ヨガをメジャーにしたマドンナ、クリスティ・ターリントン

 ヨガが生まれたのは、今からおよそ4,500年前。アメリカに入って来たのは19世紀末で、初めてヨガスタジオなるものが登場したのは、1947年、ウエストハリウッドだった。オープンしたのはドイツ人女優。この時からセレブつながりがあったのである。

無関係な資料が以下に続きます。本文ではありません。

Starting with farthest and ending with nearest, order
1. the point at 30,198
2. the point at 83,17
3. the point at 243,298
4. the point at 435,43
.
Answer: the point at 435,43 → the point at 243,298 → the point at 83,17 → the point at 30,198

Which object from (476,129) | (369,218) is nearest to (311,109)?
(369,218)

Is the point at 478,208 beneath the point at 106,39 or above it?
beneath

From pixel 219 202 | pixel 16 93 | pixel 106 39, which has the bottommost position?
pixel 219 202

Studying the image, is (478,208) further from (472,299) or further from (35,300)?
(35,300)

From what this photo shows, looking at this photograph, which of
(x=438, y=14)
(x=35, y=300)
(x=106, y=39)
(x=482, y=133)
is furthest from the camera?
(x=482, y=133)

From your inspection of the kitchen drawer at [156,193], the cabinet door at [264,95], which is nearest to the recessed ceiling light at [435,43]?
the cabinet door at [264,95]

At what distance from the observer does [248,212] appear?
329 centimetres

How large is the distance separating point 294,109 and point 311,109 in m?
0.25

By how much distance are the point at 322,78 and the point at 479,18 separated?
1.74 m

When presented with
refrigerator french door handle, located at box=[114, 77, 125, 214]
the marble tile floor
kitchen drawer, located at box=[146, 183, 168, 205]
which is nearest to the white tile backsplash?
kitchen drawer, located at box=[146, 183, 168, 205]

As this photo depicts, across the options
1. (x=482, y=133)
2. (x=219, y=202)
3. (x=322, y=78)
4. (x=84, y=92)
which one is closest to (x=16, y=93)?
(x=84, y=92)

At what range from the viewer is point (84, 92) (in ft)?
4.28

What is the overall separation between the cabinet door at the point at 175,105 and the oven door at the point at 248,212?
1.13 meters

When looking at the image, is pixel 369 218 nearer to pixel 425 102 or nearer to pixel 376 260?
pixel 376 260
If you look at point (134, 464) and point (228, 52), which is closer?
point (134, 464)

 その後、L.A.では少しずつヨガ人口が増えていくのだが、ヨガがメジャーになったのは90年代初めごろだ。おそらく、マドンナとクリスティ・ターリントンが大きな理由だっただろう。実をいうと、筆者自身の場合も、92年か93年にアメリカの女性誌で読んだマドンナのインタビューがきっかけだった。その記事の中で、彼女は、現在、ワークアウトはヨガしかしないと語っていたのである。当時、ヨガに対してストレッチ程度のイメージしかもっていなかった筆者にとって、それはかなりの驚きだった。

 彼女がはまったのは、アシュタンガヨガ。コンサートツアーで世界を回る時にもL.A.からお気に入りの先生を連れて行くほど熱心で、2000年には映画「二番目に大切なこと」でヨガインストラクターを演じてもいる。だが、それから何年か経って筆者が彼女をインタビューした頃には、最大の情熱の対象はカバラ(宗教)に移っており、ヨガは、「アサナはまだやったりするけれど」ということだった。運動の一貫としてはまだやることもあるが、フィロソフィーとして従うのはカバラということだろう。

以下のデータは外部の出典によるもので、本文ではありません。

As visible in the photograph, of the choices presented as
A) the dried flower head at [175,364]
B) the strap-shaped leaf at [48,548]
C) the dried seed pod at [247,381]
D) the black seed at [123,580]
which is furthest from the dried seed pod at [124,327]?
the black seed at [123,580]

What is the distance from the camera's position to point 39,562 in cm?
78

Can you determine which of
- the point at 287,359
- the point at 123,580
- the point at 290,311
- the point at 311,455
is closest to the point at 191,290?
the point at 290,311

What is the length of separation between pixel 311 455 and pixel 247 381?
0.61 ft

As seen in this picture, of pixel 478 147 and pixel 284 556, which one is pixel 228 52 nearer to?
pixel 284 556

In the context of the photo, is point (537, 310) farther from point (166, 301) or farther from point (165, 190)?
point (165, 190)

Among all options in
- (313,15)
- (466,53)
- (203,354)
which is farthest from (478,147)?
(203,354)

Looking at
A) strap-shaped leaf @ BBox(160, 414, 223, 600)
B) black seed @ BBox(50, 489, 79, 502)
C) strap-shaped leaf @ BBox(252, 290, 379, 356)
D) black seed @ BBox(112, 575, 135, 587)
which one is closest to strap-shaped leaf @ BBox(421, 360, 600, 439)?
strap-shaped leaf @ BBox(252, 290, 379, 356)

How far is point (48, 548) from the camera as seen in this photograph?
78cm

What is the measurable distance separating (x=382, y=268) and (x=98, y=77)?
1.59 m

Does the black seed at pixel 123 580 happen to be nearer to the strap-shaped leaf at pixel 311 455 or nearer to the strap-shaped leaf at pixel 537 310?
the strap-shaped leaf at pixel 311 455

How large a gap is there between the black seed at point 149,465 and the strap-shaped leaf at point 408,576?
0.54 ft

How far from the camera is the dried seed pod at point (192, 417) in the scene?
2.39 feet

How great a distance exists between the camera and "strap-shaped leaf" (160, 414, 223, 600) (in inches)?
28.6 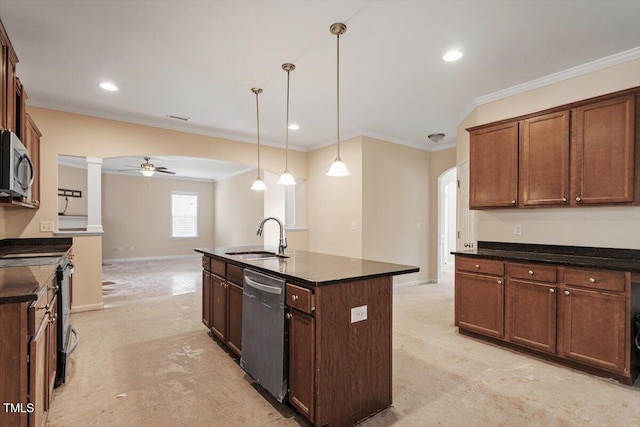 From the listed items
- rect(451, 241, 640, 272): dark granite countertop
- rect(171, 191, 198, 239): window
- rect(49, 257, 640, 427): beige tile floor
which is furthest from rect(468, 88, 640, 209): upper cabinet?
rect(171, 191, 198, 239): window

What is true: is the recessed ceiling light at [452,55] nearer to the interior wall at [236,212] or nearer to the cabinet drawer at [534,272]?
the cabinet drawer at [534,272]

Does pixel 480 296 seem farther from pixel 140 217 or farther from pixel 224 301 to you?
pixel 140 217

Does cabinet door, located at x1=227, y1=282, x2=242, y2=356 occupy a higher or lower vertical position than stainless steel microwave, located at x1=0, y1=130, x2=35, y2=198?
lower

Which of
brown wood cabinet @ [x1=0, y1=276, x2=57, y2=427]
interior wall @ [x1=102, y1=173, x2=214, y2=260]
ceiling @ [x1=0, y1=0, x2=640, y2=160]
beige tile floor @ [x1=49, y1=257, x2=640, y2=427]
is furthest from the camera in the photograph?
interior wall @ [x1=102, y1=173, x2=214, y2=260]

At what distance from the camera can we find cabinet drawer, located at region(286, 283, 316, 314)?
A: 1825 millimetres

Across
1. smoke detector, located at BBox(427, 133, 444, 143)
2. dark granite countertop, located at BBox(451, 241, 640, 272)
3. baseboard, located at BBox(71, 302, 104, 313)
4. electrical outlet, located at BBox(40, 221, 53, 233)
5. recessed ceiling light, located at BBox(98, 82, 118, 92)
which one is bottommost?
baseboard, located at BBox(71, 302, 104, 313)

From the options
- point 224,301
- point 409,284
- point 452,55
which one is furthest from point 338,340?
point 409,284

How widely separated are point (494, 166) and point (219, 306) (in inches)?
128

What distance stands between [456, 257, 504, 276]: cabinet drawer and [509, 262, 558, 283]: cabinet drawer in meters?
0.11

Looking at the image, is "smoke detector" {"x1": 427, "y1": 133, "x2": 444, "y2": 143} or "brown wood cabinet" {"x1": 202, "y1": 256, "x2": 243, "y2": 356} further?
"smoke detector" {"x1": 427, "y1": 133, "x2": 444, "y2": 143}

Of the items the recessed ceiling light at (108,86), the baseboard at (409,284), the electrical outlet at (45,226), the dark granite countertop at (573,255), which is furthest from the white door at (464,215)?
the electrical outlet at (45,226)

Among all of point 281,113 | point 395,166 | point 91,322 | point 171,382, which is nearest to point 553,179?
point 395,166

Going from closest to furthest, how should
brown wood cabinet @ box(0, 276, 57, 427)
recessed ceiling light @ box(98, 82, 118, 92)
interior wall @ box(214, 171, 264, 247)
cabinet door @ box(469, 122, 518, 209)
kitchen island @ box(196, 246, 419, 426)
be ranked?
brown wood cabinet @ box(0, 276, 57, 427) < kitchen island @ box(196, 246, 419, 426) < cabinet door @ box(469, 122, 518, 209) < recessed ceiling light @ box(98, 82, 118, 92) < interior wall @ box(214, 171, 264, 247)

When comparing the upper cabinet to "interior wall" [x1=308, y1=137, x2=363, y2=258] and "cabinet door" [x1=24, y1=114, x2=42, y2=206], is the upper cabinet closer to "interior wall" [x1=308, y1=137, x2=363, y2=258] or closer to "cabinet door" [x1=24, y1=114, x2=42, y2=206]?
"interior wall" [x1=308, y1=137, x2=363, y2=258] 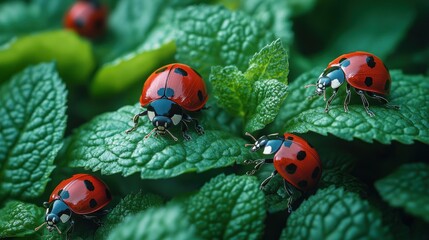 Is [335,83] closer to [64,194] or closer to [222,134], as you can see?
[222,134]

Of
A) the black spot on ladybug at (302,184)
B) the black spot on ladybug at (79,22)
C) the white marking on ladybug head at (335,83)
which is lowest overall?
the black spot on ladybug at (302,184)

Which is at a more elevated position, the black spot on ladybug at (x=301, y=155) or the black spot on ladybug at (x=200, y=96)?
the black spot on ladybug at (x=200, y=96)

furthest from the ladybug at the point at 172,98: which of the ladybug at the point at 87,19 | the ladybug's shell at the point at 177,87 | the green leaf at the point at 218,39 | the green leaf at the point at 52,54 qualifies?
the ladybug at the point at 87,19

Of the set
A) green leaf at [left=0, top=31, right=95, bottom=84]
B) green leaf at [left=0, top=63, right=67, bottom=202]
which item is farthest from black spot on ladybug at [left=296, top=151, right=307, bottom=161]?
green leaf at [left=0, top=31, right=95, bottom=84]

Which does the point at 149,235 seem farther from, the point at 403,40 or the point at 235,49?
the point at 403,40

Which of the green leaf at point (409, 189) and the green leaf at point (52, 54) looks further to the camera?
the green leaf at point (52, 54)

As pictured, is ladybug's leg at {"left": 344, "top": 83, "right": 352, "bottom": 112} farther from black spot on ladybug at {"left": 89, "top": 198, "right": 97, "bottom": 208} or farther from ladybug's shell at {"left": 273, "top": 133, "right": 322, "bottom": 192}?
black spot on ladybug at {"left": 89, "top": 198, "right": 97, "bottom": 208}

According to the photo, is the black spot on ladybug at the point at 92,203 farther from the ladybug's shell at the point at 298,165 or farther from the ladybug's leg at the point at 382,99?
the ladybug's leg at the point at 382,99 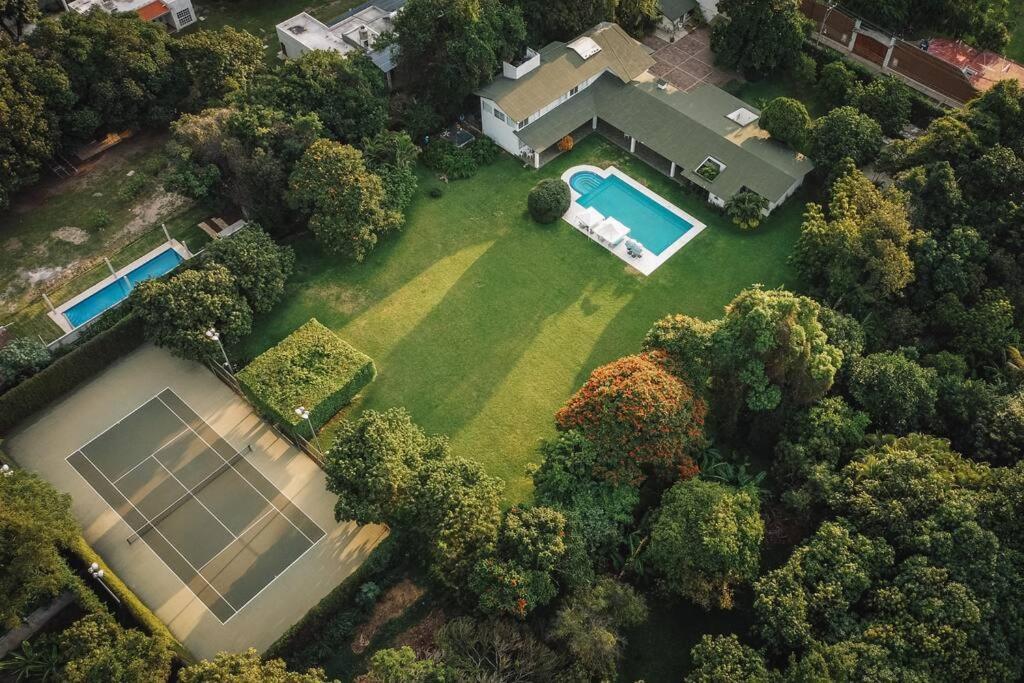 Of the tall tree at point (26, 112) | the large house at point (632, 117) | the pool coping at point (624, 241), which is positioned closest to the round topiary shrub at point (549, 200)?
the pool coping at point (624, 241)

 マドンナと大の仲良しで、マドンナの言うことならばなんでも従っていたグウィネス・パルトロウも、相当にヨガにはまり、ニューヨークのスタジオで何度か目撃されている。その頃は、映画の撮影がある日も、朝4時や5時からヨガの練習をしていたと、あるインタビューで語っていた。だが、その後はトレイシー・アンダーソンのフィットネスメソッドを大絶賛するなどしているし、ヨガ以外にもワークアウトを広げたようである。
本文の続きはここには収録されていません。